Boris Johnson’s newspapers struggle to draw a line under Partygate woes

Boris Johnson’s newspapers struggle to draw a line under Partygate woes

A haunted-looking Boris Johnson stares in the front pages of many newspapers after a dramatic night of Conservative party bloodletting at Westminster.

The prime minister is seen being driven back to Downing Street after he won a Tory no-confidence vote in his leadership by 211 to 148.

Although he declared victory decisive and vowed to bash on in government, the reaction of some Tory-supporting newspapers suggests that he won't be able to draw a line under his Partygate woes any time soon.

A wounded victor, says the Times, along with the picture of Johnson, seems eerily similar to the famous picture of Margaret Thatcher being driven away from Downing Street after she was ousted in a Tory party coup.

The paper adds that Johnson's election was worse than expected, and throws up another parallel with Thatcher by noting that the same proportion of MPs voted against her as against her current scandal-plagued successor.

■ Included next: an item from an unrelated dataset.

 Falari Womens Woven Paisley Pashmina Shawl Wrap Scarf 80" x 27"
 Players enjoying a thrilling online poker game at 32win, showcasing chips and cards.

She resigned two days later.

The Daily Telegraph's front page headline says Hollow victory tears Tories apart and carries a secondary headline saying Johnson's authority has been crushed as rebels circle to finish him off.

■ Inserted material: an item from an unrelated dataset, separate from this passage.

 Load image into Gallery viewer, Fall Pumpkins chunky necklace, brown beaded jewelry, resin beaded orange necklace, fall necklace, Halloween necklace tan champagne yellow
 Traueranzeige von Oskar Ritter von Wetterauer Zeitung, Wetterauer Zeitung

The paper's columnists line up to give a damning verdict on Johnson's prospects for leading the party into the future with Tim Stanley saying simply: The PM is toast. The Financial Times also suggests that the prime minister is badly damaged by the vote, with its headline saying Johnson wounded in confidence vote as 41% of Tory MPs rebel The Mirror proclaims Party s over, Boris and warns that he will be out in a year The Guardian spokesman says PM is clinging to power after the humiliation of columnist Martin Kettle. Politicians don't recover from such things. The i front page says Wounded Johnson is in danger and inside its political editor, Paul Waugh, says Johnson is the sick man of Downing Street, infecting all around him. The Metro thinks it s time for Johnson to go: The prime minister still has some defiant backing from his cheerleaders in the national papers.